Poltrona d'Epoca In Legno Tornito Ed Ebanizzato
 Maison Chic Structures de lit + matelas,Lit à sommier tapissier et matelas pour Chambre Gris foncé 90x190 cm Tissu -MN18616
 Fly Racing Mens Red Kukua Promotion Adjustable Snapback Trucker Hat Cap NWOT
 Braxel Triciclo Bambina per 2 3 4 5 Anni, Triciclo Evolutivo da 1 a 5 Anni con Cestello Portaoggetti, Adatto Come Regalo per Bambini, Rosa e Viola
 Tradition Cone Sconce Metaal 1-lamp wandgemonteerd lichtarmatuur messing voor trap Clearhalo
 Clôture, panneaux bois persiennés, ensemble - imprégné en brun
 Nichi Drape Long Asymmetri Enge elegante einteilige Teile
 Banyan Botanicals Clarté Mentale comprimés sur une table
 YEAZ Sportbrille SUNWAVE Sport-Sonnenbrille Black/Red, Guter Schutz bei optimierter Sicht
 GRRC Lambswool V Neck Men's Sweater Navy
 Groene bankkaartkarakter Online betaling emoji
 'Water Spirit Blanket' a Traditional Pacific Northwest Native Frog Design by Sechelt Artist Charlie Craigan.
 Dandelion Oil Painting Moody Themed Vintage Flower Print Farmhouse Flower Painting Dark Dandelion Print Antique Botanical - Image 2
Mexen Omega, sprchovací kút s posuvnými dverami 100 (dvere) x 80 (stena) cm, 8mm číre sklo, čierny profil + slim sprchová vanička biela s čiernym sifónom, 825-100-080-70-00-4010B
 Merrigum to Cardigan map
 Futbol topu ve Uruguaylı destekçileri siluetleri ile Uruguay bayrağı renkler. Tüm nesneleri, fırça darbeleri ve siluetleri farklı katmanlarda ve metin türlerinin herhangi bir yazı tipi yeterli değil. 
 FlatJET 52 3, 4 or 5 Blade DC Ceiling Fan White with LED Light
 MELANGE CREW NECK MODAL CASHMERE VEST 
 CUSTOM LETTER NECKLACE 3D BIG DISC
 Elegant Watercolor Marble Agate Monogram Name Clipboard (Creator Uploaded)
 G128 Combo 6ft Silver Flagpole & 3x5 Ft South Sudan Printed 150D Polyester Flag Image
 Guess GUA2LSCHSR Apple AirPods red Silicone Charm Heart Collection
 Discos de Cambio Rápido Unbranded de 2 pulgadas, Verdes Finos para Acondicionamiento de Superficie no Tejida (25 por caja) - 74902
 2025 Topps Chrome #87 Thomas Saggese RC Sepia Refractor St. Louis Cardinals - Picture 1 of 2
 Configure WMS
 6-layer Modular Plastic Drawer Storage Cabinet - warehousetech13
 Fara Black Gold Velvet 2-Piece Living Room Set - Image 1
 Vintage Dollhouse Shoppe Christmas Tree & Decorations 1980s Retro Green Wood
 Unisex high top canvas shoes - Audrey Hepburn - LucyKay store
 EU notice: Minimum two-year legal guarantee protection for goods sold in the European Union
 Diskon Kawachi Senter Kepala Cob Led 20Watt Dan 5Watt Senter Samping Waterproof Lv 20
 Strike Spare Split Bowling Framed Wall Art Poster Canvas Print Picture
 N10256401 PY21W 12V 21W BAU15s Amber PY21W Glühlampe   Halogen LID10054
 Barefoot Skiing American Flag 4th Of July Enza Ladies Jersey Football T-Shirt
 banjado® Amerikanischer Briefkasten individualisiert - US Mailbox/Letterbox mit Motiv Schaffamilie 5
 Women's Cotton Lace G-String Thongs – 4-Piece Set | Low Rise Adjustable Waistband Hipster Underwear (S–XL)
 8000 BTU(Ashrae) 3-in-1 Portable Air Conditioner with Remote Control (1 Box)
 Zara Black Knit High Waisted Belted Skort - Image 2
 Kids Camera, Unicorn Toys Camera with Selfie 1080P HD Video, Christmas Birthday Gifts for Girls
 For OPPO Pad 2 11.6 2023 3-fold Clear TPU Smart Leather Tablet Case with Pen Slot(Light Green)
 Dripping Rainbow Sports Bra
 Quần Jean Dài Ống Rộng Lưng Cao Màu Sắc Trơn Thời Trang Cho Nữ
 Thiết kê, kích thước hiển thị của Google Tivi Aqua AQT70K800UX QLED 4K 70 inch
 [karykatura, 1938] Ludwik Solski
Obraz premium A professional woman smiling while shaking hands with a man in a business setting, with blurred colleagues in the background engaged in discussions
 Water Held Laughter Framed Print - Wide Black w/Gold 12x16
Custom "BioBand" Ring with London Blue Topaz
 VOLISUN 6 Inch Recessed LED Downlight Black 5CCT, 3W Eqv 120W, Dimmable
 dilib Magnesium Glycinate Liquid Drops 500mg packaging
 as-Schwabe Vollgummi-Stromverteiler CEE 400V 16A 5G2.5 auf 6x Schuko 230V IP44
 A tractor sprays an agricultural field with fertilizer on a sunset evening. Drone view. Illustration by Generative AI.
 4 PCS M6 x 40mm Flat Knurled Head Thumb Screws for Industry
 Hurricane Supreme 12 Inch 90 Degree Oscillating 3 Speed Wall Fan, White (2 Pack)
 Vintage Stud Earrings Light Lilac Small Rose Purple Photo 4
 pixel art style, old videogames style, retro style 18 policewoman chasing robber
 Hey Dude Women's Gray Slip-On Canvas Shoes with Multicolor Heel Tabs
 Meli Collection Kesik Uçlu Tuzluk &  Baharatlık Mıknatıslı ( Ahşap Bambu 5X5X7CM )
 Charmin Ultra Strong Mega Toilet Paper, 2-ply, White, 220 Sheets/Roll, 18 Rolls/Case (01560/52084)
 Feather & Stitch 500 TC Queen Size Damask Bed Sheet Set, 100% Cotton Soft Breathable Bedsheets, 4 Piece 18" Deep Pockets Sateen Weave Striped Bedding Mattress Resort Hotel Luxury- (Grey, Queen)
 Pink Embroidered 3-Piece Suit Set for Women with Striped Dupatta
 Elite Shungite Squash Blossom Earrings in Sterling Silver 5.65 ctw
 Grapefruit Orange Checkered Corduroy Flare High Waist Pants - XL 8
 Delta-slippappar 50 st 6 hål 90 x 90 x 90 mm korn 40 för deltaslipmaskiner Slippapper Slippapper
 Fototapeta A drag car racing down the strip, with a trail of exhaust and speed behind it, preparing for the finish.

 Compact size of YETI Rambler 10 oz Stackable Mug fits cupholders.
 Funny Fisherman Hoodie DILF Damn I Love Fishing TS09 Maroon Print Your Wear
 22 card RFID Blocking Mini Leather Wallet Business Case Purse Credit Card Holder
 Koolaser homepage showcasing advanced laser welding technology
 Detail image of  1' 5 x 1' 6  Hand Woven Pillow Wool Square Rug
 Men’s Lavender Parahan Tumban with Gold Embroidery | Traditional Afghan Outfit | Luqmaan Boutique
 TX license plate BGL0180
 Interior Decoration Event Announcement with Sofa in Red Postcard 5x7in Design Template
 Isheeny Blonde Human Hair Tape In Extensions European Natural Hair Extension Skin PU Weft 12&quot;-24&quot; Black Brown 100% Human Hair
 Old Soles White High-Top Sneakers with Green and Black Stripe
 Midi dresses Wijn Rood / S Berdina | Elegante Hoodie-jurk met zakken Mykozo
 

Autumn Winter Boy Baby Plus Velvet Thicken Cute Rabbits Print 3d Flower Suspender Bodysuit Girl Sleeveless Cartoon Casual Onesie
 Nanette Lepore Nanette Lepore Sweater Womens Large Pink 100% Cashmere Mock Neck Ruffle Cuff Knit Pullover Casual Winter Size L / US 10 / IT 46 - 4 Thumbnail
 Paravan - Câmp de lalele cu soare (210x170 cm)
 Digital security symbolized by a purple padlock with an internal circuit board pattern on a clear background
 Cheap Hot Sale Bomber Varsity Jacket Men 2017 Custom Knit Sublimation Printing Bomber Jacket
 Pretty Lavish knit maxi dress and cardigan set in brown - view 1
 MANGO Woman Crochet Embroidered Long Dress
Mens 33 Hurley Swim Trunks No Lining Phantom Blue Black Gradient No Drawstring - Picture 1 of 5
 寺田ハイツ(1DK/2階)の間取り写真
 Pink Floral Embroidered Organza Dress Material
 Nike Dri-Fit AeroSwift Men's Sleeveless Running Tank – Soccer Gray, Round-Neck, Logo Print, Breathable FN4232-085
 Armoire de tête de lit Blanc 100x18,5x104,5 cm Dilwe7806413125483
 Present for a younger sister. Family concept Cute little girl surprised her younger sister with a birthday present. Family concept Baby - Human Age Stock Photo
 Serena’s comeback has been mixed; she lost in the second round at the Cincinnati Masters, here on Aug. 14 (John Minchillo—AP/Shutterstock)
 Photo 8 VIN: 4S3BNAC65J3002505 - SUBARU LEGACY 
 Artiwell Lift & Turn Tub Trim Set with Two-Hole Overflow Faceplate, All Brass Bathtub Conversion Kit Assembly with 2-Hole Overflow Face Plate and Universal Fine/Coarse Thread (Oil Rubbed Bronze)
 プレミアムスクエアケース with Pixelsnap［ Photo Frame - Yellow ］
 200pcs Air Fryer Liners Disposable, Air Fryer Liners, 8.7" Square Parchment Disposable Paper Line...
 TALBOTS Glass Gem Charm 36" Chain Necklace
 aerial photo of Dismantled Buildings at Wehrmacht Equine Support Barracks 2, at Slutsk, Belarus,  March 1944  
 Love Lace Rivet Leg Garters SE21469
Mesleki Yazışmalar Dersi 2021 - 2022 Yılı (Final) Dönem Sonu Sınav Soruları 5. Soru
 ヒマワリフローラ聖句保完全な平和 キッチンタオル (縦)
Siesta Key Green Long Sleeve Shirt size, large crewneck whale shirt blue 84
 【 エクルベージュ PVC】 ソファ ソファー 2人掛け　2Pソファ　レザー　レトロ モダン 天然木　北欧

• • • •

What needs to be done
Exact duplication is required for the lines above, from the line that contains "Quần Jean Dài" to the line that contains "Meli Collection Kesik", inclusive; omit all others.

Solved exercise
 Quần Jean Dài Ống Rộng Lưng Cao Màu Sắc Trơn Thời Trang Cho Nữ
 Thiết kê, kích thước hiển thị của Google Tivi Aqua AQT70K800UX QLED 4K 70 inch
 [karykatura, 1938] Ludwik Solski
Obraz premium A professional woman smiling while shaking hands with a man in a business setting, with blurred colleagues in the background engaged in discussions
 Water Held Laughter Framed Print - Wide Black w/Gold 12x16
Custom "BioBand" Ring with London Blue Topaz
 VOLISUN 6 Inch Recessed LED Downlight Black 5CCT, 3W Eqv 120W, Dimmable
 dilib Magnesium Glycinate Liquid Drops 500mg packaging
 as-Schwabe Vollgummi-Stromverteiler CEE 400V 16A 5G2.5 auf 6x Schuko 230V IP44
 A tractor sprays an agricultural field with fertilizer on a sunset evening. Drone view. Illustration by Generative AI.
 4 PCS M6 x 40mm Flat Knurled Head Thumb Screws for Industry
 Hurricane Supreme 12 Inch 90 Degree Oscillating 3 Speed Wall Fan, White (2 Pack)
 Vintage Stud Earrings Light Lilac Small Rose Purple Photo 4
 pixel art style, old videogames style, retro style 18 policewoman chasing robber
 Hey Dude Women's Gray Slip-On Canvas Shoes with Multicolor Heel Tabs
 Meli Collection Kesik Uçlu Tuzluk &  Baharatlık Mıknatıslı ( Ahşap Bambu 5X5X7CM )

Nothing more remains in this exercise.